*What you should do*: Below is a block of records; return all of them exactly, but without the images.

*** Material for this task ***

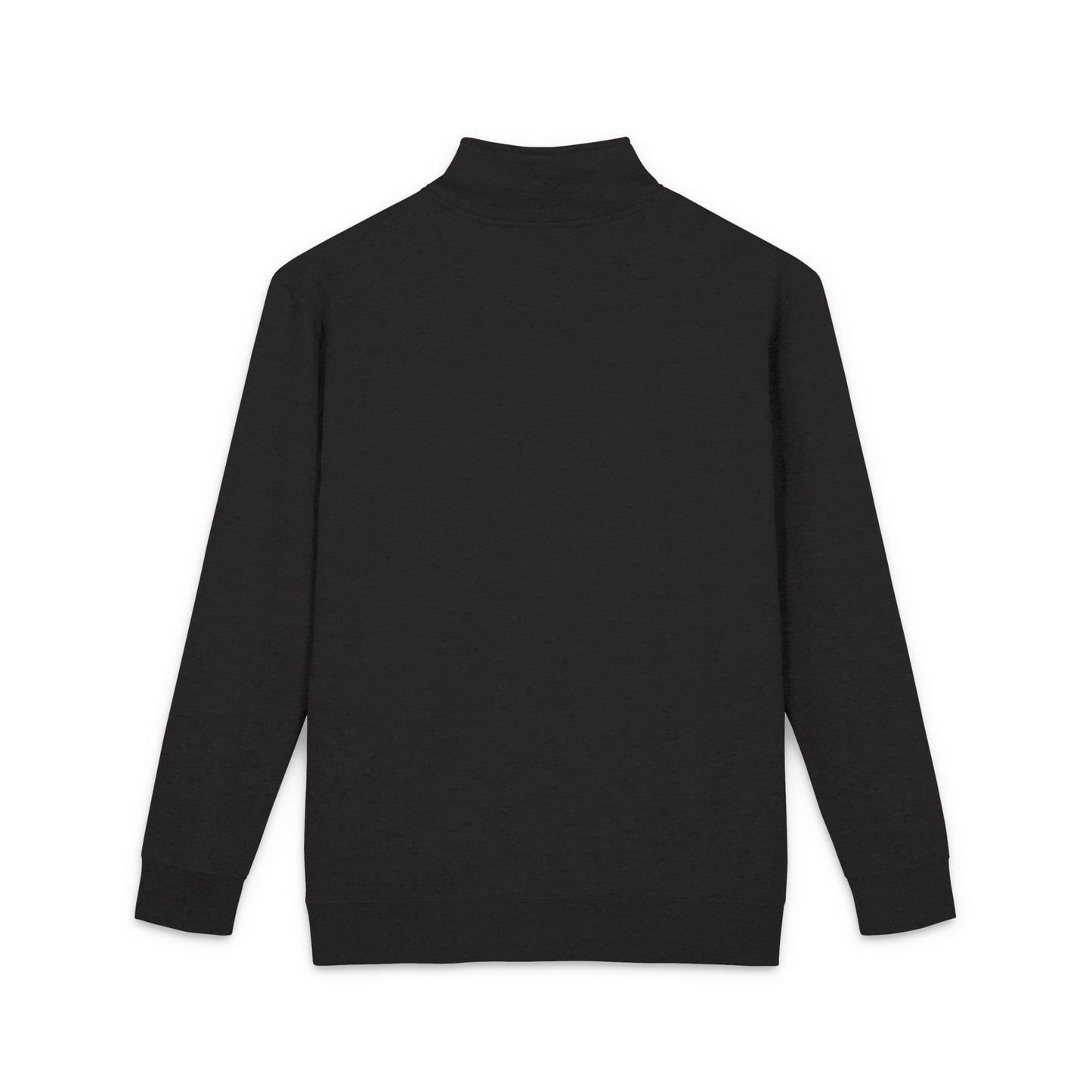 Embroidered Fleece Pullover — Subtle Script Chest Logo, Cozy Quarter-Zip Sweatshirt
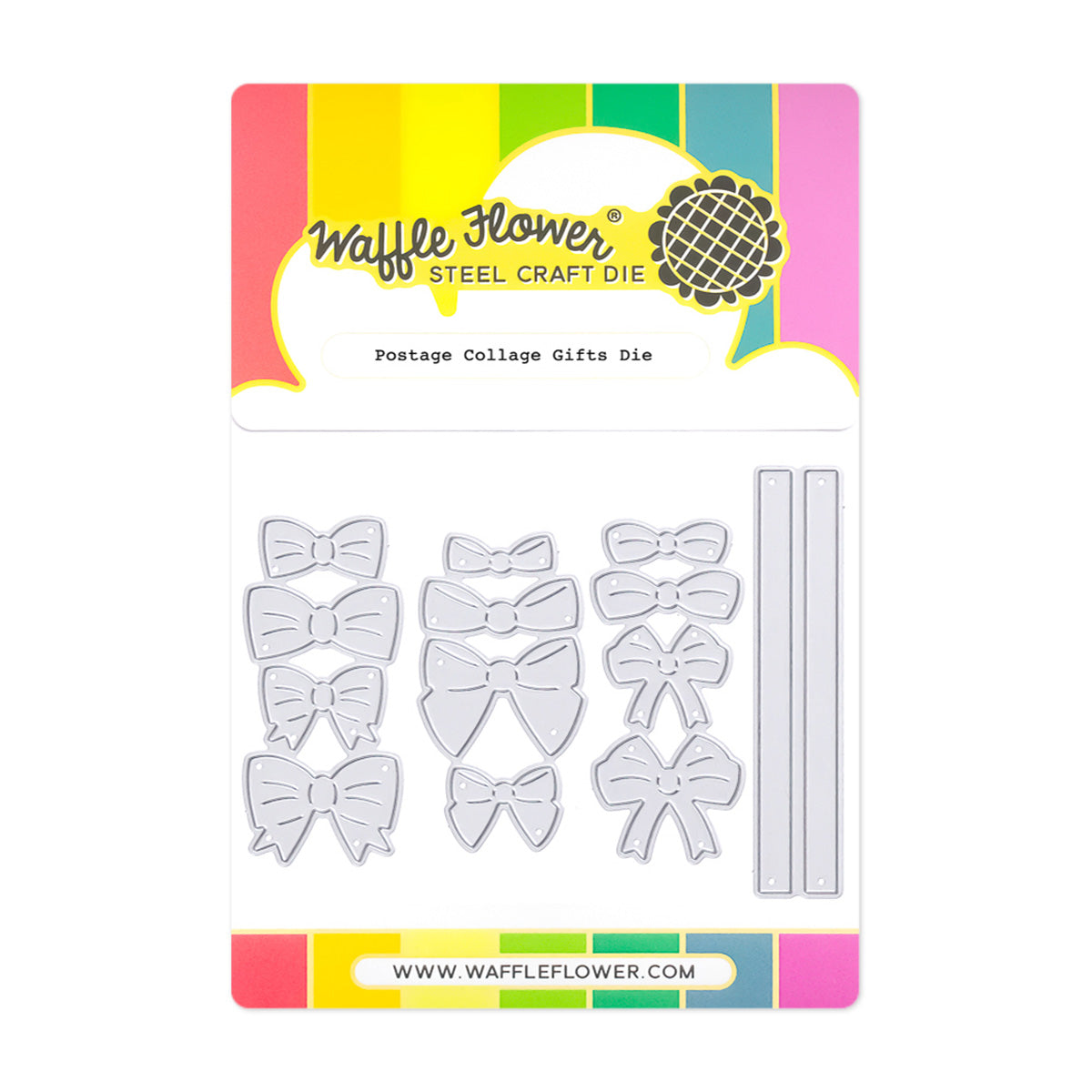Waffle Flower Postage Collage Gifts Die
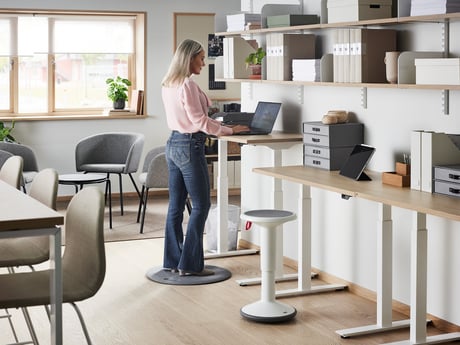 Height-adjustable desks shown to reduce sitting by over an hour a day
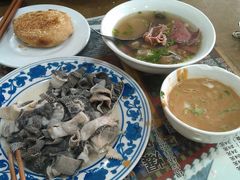 爆肚之羊散丹，芝麻烧饼，羊杂汤，一共38元-东兴顺爆肚张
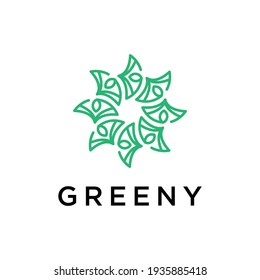 Letter G eco leaves logo icon design template elements. Vector color sign
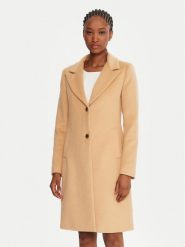 Rinascimento Płaszcz przejściowy CFC0126117003 Beżowy Regular Fit. Brązowe płaszcze Rinascimento, xl, bez wzorów, z syntetyku, bez kaptura. Za 689.99 zł.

***

*Response for this exercise*:
 Embroidered Fleece Pullover — Subtle Script Chest Logo, Cozy Quarter-Zip Sweatshirt
Waffle Flower Postage Collage Gifts Die
 Height-adjustable desks shown to reduce sitting by over an hour a day
 爆肚之羊散丹，芝麻烧饼，羊杂汤，一共38元-东兴顺爆肚张
 Letter G eco leaves logo icon design template elements. Vector color sign
 Rinascimento Płaszcz przejściowy CFC0126117003 Beżowy Regular Fit. Brązowe płaszcze Rinascimento, xl, bez wzorów, z syntetyku, bez kaptura. Za 689.99 zł.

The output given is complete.